TASK STATEMENT ▸ The full set of entries below needs to be written out exactly.

INFORMATION SUPPLIED ▸
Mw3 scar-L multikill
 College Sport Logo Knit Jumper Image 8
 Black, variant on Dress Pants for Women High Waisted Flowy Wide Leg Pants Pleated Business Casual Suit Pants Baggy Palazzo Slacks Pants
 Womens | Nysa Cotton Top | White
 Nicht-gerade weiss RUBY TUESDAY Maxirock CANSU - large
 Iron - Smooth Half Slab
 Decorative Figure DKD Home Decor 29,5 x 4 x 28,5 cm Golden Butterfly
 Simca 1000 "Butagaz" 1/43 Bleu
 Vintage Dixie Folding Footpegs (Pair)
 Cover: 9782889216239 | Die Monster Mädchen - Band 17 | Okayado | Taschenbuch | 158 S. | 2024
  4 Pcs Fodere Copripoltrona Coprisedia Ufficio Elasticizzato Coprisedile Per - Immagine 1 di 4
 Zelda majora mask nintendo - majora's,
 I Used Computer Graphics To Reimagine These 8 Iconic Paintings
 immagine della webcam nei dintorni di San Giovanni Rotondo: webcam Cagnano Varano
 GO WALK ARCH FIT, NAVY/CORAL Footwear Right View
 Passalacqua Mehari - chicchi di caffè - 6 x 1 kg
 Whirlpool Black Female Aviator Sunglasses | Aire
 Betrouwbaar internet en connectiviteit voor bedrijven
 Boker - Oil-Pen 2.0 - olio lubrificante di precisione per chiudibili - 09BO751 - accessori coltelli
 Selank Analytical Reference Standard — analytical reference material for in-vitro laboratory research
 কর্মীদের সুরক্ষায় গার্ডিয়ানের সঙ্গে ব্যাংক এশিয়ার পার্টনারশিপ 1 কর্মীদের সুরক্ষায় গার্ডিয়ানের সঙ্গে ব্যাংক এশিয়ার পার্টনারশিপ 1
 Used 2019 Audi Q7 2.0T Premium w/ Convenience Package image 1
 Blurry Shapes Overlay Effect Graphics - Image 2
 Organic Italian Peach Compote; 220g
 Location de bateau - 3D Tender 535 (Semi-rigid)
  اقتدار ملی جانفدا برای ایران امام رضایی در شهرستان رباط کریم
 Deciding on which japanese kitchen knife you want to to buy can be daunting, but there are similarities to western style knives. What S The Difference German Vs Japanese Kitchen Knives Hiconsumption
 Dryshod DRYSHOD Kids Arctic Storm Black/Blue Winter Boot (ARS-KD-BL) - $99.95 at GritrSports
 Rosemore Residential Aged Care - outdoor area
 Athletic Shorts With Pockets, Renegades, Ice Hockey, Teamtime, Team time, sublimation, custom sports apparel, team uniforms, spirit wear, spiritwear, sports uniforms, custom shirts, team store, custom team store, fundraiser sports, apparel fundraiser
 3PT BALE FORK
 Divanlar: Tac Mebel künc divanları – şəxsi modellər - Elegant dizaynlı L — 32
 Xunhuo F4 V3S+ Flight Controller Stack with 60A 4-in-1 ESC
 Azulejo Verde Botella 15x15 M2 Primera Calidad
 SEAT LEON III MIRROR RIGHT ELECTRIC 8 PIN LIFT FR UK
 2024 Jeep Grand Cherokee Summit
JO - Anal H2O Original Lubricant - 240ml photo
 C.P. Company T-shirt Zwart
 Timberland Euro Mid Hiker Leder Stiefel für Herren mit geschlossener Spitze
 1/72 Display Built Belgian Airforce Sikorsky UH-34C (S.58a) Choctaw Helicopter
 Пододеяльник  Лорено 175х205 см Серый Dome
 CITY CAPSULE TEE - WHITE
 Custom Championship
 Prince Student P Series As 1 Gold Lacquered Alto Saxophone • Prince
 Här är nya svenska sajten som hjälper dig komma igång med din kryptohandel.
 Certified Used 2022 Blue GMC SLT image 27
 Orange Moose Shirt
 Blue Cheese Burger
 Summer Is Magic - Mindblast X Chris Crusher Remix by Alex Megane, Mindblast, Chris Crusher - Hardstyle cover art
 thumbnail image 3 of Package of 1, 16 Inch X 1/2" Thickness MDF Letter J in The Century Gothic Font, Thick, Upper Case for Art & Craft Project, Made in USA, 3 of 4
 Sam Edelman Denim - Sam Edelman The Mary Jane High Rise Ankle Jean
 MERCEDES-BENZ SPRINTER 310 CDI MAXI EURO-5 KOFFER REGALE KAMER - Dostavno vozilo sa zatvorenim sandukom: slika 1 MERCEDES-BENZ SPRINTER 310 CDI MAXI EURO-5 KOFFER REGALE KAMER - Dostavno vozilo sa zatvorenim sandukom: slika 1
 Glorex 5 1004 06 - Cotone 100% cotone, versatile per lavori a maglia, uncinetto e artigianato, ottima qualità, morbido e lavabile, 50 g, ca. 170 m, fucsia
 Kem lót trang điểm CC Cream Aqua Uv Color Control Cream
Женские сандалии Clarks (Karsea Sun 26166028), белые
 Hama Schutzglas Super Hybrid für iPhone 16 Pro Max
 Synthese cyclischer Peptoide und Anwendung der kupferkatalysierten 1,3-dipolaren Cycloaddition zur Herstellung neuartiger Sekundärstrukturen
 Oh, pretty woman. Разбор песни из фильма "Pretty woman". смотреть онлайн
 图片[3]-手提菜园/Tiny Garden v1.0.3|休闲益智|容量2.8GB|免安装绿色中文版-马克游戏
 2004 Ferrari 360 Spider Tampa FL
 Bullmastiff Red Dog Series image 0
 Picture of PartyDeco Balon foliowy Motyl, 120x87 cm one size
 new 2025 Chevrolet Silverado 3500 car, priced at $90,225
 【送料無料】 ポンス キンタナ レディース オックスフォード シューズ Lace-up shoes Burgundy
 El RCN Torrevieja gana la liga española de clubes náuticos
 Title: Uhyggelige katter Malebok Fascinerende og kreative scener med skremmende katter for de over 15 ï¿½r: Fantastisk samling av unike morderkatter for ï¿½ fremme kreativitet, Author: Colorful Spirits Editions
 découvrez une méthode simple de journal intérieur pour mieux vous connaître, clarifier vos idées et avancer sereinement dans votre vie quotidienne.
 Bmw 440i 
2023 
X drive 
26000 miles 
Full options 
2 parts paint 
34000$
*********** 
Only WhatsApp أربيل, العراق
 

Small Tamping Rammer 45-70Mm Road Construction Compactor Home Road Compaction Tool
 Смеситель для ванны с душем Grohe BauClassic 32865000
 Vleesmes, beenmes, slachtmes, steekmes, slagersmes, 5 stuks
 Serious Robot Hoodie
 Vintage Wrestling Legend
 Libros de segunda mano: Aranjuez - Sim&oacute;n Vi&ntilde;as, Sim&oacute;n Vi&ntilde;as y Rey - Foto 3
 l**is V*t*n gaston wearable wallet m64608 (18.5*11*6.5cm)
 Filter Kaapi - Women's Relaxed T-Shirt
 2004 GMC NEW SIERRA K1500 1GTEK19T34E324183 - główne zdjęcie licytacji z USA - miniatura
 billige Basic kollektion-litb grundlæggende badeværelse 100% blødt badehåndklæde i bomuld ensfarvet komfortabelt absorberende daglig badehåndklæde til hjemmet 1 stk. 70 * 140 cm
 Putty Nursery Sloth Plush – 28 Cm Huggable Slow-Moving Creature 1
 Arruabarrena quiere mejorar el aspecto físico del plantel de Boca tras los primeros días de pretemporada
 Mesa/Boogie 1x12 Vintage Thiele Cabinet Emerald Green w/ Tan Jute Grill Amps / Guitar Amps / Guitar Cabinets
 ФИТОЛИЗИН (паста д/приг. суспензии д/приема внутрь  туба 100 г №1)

WRITTEN ANSWER ▸
Mw3 scar-L multikill
 College Sport Logo Knit Jumper Image 8
 Black, variant on Dress Pants for Women High Waisted Flowy Wide Leg Pants Pleated Business Casual Suit Pants Baggy Palazzo Slacks Pants
 Womens | Nysa Cotton Top | White
 Nicht-gerade weiss RUBY TUESDAY Maxirock CANSU - large
 Iron - Smooth Half Slab
 Decorative Figure DKD Home Decor 29,5 x 4 x 28,5 cm Golden Butterfly
 Simca 1000 "Butagaz" 1/43 Bleu
 Vintage Dixie Folding Footpegs (Pair)
 Cover: 9782889216239 | Die Monster Mädchen - Band 17 | Okayado | Taschenbuch | 158 S. | 2024
  4 Pcs Fodere Copripoltrona Coprisedia Ufficio Elasticizzato Coprisedile Per - Immagine 1 di 4
 Zelda majora mask nintendo - majora's,
 I Used Computer Graphics To Reimagine These 8 Iconic Paintings
 immagine della webcam nei dintorni di San Giovanni Rotondo: webcam Cagnano Varano
 GO WALK ARCH FIT, NAVY/CORAL Footwear Right View
 Passalacqua Mehari - chicchi di caffè - 6 x 1 kg
 Whirlpool Black Female Aviator Sunglasses | Aire
 Betrouwbaar internet en connectiviteit voor bedrijven
 Boker - Oil-Pen 2.0 - olio lubrificante di precisione per chiudibili - 09BO751 - accessori coltelli
 Selank Analytical Reference Standard — analytical reference material for in-vitro laboratory research
 কর্মীদের সুরক্ষায় গার্ডিয়ানের সঙ্গে ব্যাংক এশিয়ার পার্টনারশিপ 1 কর্মীদের সুরক্ষায় গার্ডিয়ানের সঙ্গে ব্যাংক এশিয়ার পার্টনারশিপ 1
 Used 2019 Audi Q7 2.0T Premium w/ Convenience Package image 1
 Blurry Shapes Overlay Effect Graphics - Image 2
 Organic Italian Peach Compote; 220g
 Location de bateau - 3D Tender 535 (Semi-rigid)
  اقتدار ملی جانفدا برای ایران امام رضایی در شهرستان رباط کریم
 Deciding on which japanese kitchen knife you want to to buy can be daunting, but there are similarities to western style knives. What S The Difference German Vs Japanese Kitchen Knives Hiconsumption
 Dryshod DRYSHOD Kids Arctic Storm Black/Blue Winter Boot (ARS-KD-BL) - $99.95 at GritrSports
 Rosemore Residential Aged Care - outdoor area
 Athletic Shorts With Pockets, Renegades, Ice Hockey, Teamtime, Team time, sublimation, custom sports apparel, team uniforms, spirit wear, spiritwear, sports uniforms, custom shirts, team store, custom team store, fundraiser sports, apparel fundraiser
 3PT BALE FORK
 Divanlar: Tac Mebel künc divanları – şəxsi modellər - Elegant dizaynlı L — 32
 Xunhuo F4 V3S+ Flight Controller Stack with 60A 4-in-1 ESC
 Azulejo Verde Botella 15x15 M2 Primera Calidad
 SEAT LEON III MIRROR RIGHT ELECTRIC 8 PIN LIFT FR UK
 2024 Jeep Grand Cherokee Summit
JO - Anal H2O Original Lubricant - 240ml photo
 C.P. Company T-shirt Zwart
 Timberland Euro Mid Hiker Leder Stiefel für Herren mit geschlossener Spitze
 1/72 Display Built Belgian Airforce Sikorsky UH-34C (S.58a) Choctaw Helicopter
 Пододеяльник  Лорено 175х205 см Серый Dome
 CITY CAPSULE TEE - WHITE
 Custom Championship
 Prince Student P Series As 1 Gold Lacquered Alto Saxophone • Prince
 Här är nya svenska sajten som hjälper dig komma igång med din kryptohandel.
 Certified Used 2022 Blue GMC SLT image 27
 Orange Moose Shirt
 Blue Cheese Burger
 Summer Is Magic - Mindblast X Chris Crusher Remix by Alex Megane, Mindblast, Chris Crusher - Hardstyle cover art
 thumbnail image 3 of Package of 1, 16 Inch X 1/2" Thickness MDF Letter J in The Century Gothic Font, Thick, Upper Case for Art & Craft Project, Made in USA, 3 of 4
 Sam Edelman Denim - Sam Edelman The Mary Jane High Rise Ankle Jean
 MERCEDES-BENZ SPRINTER 310 CDI MAXI EURO-5 KOFFER REGALE KAMER - Dostavno vozilo sa zatvorenim sandukom: slika 1 MERCEDES-BENZ SPRINTER 310 CDI MAXI EURO-5 KOFFER REGALE KAMER - Dostavno vozilo sa zatvorenim sandukom: slika 1
 Glorex 5 1004 06 - Cotone 100% cotone, versatile per lavori a maglia, uncinetto e artigianato, ottima qualità, morbido e lavabile, 50 g, ca. 170 m, fucsia
 Kem lót trang điểm CC Cream Aqua Uv Color Control Cream
Женские сандалии Clarks (Karsea Sun 26166028), белые
 Hama Schutzglas Super Hybrid für iPhone 16 Pro Max
 Synthese cyclischer Peptoide und Anwendung der kupferkatalysierten 1,3-dipolaren Cycloaddition zur Herstellung neuartiger Sekundärstrukturen
 Oh, pretty woman. Разбор песни из фильма "Pretty woman". смотреть онлайн
 图片[3]-手提菜园/Tiny Garden v1.0.3|休闲益智|容量2.8GB|免安装绿色中文版-马克游戏
 2004 Ferrari 360 Spider Tampa FL
 Bullmastiff Red Dog Series image 0
 Picture of PartyDeco Balon foliowy Motyl, 120x87 cm one size
 new 2025 Chevrolet Silverado 3500 car, priced at $90,225
 【送料無料】 ポンス キンタナ レディース オックスフォード シューズ Lace-up shoes Burgundy
 El RCN Torrevieja gana la liga española de clubes náuticos
 Title: Uhyggelige katter Malebok Fascinerende og kreative scener med skremmende katter for de over 15 ï¿½r: Fantastisk samling av unike morderkatter for ï¿½ fremme kreativitet, Author: Colorful Spirits Editions
 découvrez une méthode simple de journal intérieur pour mieux vous connaître, clarifier vos idées et avancer sereinement dans votre vie quotidienne.
 Bmw 440i 
2023 
X drive 
26000 miles 
Full options 
2 parts paint 
34000$
*********** 
Only WhatsApp أربيل, العراق
 

Small Tamping Rammer 45-70Mm Road Construction Compactor Home Road Compaction Tool
 Смеситель для ванны с душем Grohe BauClassic 32865000
 Vleesmes, beenmes, slachtmes, steekmes, slagersmes, 5 stuks
 Serious Robot Hoodie
 Vintage Wrestling Legend
 Libros de segunda mano: Aranjuez - Sim&oacute;n Vi&ntilde;as, Sim&oacute;n Vi&ntilde;as y Rey - Foto 3
 l**is V*t*n gaston wearable wallet m64608 (18.5*11*6.5cm)
 Filter Kaapi - Women's Relaxed T-Shirt
 2004 GMC NEW SIERRA K1500 1GTEK19T34E324183 - główne zdjęcie licytacji z USA - miniatura
 billige Basic kollektion-litb grundlæggende badeværelse 100% blødt badehåndklæde i bomuld ensfarvet komfortabelt absorberende daglig badehåndklæde til hjemmet 1 stk. 70 * 140 cm
 Putty Nursery Sloth Plush – 28 Cm Huggable Slow-Moving Creature 1
 Arruabarrena quiere mejorar el aspecto físico del plantel de Boca tras los primeros días de pretemporada
 Mesa/Boogie 1x12 Vintage Thiele Cabinet Emerald Green w/ Tan Jute Grill Amps / Guitar Amps / Guitar Cabinets
 ФИТОЛИЗИН (паста д/приг. суспензии д/приема внутрь  туба 100 г №1)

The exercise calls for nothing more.